In the mid-1970s, during the World Food Conference, the phrase “food security” was coined. 
“Food security comprises all people having physical, social, and economic access to enough, secure, and nutritious food that suits their food choices and dietary needs for an active and healthy life at all times,” – United Nations Committee on World Food Security.
Despite the globe containing more than enough food for everyone, the number of people suffering from hunger in Sub-Saharan Africa is predicted to be 239 million, with this number likely to rise shortly while on a worldwide scale, a child dies of hunger every five seconds.
Ban Ki-moon, the former UN Secretary-General, told global leaders that one billion people are hungry, six million children die daily due to starvation, with 17,000 dying every day. He explained that by 2050, the world would need to feed an extra two million people, bringing the total population to 9.1 billion.
Late Kenneth Dahlberg highlighted four worldwide challenges that have serious consequences for food security. The first is an impending population explosion of humans, animals, and plants. Second, global warming. Third is the loss of biodiversity, and the final one is the menace of poverty and globalization of injustice.



Four (4) components of food security have been identified as follows:

National Availability: It refers to the amount of food that is physically accessible in a certain region or location. Local production, imports, stock levels, and net trade-in food goods determine food availability.

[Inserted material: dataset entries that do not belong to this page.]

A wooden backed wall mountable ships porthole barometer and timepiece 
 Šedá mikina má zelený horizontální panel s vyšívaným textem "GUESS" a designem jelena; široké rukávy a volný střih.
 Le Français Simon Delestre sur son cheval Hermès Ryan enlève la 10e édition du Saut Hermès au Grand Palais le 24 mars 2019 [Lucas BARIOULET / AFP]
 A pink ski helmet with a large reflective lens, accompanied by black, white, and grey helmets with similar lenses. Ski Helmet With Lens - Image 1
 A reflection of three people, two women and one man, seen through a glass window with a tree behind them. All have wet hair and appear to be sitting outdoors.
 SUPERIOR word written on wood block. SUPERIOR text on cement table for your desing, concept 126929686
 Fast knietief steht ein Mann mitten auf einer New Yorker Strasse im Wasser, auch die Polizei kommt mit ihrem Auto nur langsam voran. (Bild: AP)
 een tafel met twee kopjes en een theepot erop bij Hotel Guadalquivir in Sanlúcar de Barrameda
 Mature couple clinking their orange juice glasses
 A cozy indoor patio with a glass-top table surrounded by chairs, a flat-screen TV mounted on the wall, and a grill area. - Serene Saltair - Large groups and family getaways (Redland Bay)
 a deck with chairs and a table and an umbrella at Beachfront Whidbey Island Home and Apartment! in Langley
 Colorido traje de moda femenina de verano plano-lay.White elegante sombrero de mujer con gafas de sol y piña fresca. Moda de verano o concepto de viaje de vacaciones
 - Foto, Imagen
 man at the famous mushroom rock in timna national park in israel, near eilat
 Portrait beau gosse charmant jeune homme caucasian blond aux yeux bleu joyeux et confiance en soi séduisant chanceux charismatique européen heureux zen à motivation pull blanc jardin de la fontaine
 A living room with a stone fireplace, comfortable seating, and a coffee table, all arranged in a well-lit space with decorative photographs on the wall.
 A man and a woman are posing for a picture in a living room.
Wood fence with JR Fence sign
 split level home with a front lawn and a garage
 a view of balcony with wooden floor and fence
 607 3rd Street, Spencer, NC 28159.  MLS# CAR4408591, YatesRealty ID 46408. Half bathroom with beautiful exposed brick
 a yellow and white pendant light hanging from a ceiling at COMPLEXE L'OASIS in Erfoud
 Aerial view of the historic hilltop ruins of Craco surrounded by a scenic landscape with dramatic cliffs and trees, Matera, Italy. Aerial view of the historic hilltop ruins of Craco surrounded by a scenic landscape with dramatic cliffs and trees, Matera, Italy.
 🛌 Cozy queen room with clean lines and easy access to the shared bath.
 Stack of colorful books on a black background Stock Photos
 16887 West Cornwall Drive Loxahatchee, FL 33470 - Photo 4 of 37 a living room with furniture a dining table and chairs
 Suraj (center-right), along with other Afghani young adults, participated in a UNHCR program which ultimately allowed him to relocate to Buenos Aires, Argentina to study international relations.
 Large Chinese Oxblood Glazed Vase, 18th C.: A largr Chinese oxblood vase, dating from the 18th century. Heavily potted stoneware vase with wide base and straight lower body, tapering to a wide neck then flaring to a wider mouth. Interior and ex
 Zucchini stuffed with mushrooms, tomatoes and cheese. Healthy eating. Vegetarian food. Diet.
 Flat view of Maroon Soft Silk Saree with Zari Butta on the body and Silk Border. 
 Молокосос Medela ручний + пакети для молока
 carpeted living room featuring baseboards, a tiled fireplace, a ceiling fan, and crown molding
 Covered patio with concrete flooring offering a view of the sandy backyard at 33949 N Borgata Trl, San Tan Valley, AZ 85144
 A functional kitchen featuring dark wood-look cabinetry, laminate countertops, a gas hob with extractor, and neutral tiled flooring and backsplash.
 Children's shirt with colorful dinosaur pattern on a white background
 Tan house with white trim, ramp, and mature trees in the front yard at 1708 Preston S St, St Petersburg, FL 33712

Household Accessibility: This refers to all individuals having economic, social, and physical access to food at all times. The availability of sufficient food at the regional, national, or international level does not indicate that it is also available at the home level. It must be readily available and economical in the local area.


Individual Utilization refers to how the body uses and benefits from diverse food ingredients. Food quality, nutritional values, cooking technique, storage, and eating schedule all influence utilization.


Stability relates to the consistency with which food is available, accessible, and used through time. Even if a person has adequate access to high-quality food today, he has still deemed food insecure if he has periodic insufficient access to food, causing his nutritional status to degrade.


Food insecurity has become a chronic issue in many African countries due to the following factors: (1) political instability and crises; (2) short or long civil wars and conflicts; (3) institutional corruption; (4) misdirected economic policies and mismanagement; (5) lack of committed political leadership; and (6) neglect of farmers; and (7) lack of clear financial and economic investment into the agricultural sector.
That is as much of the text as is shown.